Por otro lado, los investigadores destacaron un aumento significativo en la morosidad de los préstamos estudiantiles. Cerca del 10,2% de estos préstamos tienen retrasos de 90 días o más. Este problema no es sorpresa, ya que recientemente terminó una moratoria que permitía pausar los pagos. Los expertos advierten que esta tendencia podría seguir creciendo. Además, el informe señala que otros tipos de deuda también muestran signos de dificultades. Por ejemplo, las tarjetas de crédito aumentaron en 27.000 millones de dólares, mientras que los préstamos para automóviles subieron en 13.000 millones.
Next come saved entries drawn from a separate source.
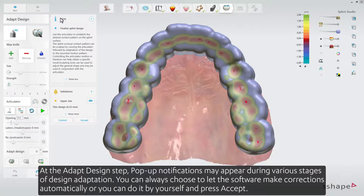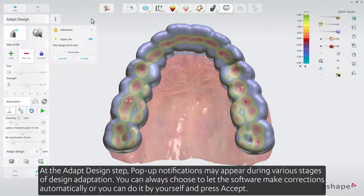At the Adapt Design step, pop-up notifications may appear during various stages of design adaptation. You can always choose to let the software make corrections automatically, or you can do it yourself and press Accept.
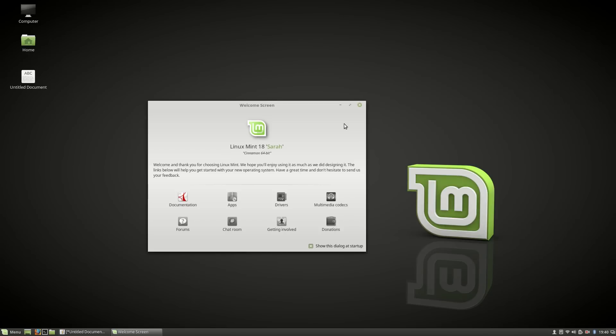In this tutorial, I'm going to show you the top 8 things you should do after installing Linux Mint 18 Sarah, or any other version.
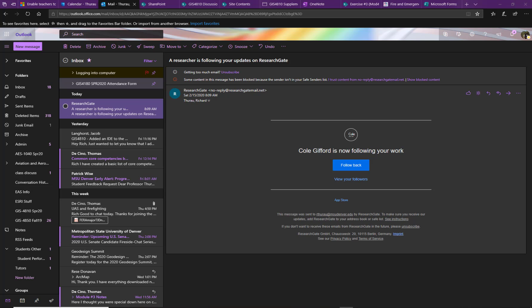Hi everyone, this is Rich. I just wanted to make a quick video about using your Outlook calendar to organize your life and particularly to give yourself reminders for events such as class meetings.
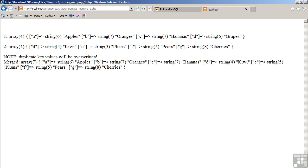Duplicate key values will get overwritten. The merged array thus only has seven elements and the key representing the letter D is overwritten with a value of Kiwi rather than the original value of Grapes.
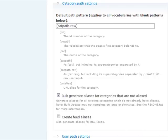By default, PathAuto will only generate 50 aliases per content type in a bulk update. You can change this in the General Settings tabs based on your needs and your server speed.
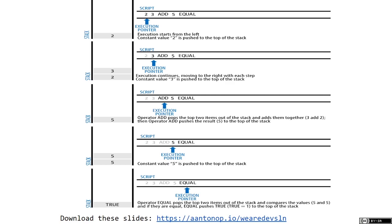When you look at a Bitcoin script, at first it's a bit confusing because the stack-based operation means you put the parameters first and the function call next — this is called reverse Polish notation. It can be a bit confusing to read, but once you understand how things are pushed and popped from the stack, you can get used to it pretty quickly.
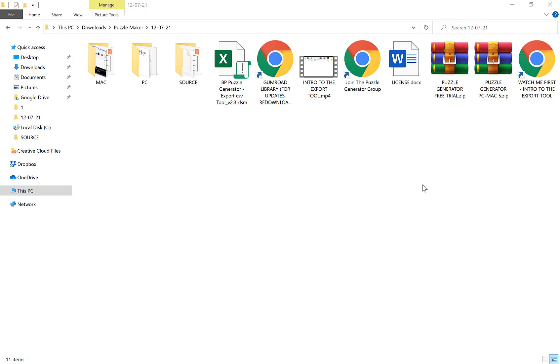In this video I just want to give you a quick overview of the crossword generation feature of the puzzle generator.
También puedes leer: ChatGPT lanza modo de estudio para alumnos
Sin embargo, los préstamos estudiantiles son los que más preocupan a los analistas. Estos representan actualmente 1,64 billones de dólares en deuda. Las dificultades para pagar afectan no solo a los prestatarios, sino también a la economía en general. Investigadores explicaron que este tipo de morosidad puede limitar el acceso a otros créditos y causar daños financieros duraderos. Además, el impacto social es significativo, ya que muchos jóvenes enfrentan cargas económicas difíciles de superar.
Finalmente, las autoridades buscan soluciones para aliviar la crisis. El aumento de la morosidad refleja desafíos estructurales en el sistema de préstamos educativos. Aunque el informe destaca incrementos en otros tipos de deuda, como hipotecas y créditos automotrices, los préstamos estudiantiles siguen siendo el principal foco de atención. Expertos prevén que los problemas persistirán si no se implementan políticas efectivas. La Reserva Federal seguirá monitoreando la situación para evitar mayores complicaciones.